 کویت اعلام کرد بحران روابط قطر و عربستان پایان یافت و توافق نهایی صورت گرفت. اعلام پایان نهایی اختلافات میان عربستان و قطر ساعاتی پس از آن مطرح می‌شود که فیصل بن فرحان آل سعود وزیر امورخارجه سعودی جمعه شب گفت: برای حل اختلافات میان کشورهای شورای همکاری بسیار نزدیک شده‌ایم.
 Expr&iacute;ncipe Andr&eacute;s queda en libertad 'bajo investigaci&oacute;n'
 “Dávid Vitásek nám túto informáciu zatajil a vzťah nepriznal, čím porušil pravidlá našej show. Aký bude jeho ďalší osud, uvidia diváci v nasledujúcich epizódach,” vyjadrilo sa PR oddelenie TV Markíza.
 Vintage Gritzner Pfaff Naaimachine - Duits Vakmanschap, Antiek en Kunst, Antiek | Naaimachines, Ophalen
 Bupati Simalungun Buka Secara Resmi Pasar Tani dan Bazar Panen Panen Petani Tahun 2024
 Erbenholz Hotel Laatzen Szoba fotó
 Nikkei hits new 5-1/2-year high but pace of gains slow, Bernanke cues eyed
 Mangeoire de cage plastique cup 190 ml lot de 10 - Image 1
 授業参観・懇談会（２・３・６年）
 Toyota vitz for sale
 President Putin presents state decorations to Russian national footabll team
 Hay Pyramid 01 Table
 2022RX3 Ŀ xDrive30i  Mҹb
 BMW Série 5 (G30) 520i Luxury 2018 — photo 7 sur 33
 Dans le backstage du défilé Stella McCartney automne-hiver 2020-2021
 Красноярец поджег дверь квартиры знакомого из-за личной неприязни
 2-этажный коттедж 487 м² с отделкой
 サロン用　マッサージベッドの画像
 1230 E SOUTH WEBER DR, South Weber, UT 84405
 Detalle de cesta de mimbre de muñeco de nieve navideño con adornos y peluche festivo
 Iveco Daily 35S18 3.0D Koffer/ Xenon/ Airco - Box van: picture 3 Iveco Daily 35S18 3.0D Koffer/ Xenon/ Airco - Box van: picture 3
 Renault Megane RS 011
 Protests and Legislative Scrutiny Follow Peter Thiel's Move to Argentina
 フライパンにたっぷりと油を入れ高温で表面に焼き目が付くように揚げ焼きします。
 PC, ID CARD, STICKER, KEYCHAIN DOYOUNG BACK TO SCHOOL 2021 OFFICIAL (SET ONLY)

Task to carry out ▸
All that is wanted is a faithful reproduction of the line above with "Vintage Gritzner Pfaff", the line with "Nikkei hits new", and every line in between.

Your response ▸
 Vintage Gritzner Pfaff Naaimachine - Duits Vakmanschap, Antiek en Kunst, Antiek | Naaimachines, Ophalen
 Bupati Simalungun Buka Secara Resmi Pasar Tani dan Bazar Panen Panen Petani Tahun 2024
 Erbenholz Hotel Laatzen Szoba fotó
 Nikkei hits new 5-1/2-year high but pace of gains slow, Bernanke cues eyed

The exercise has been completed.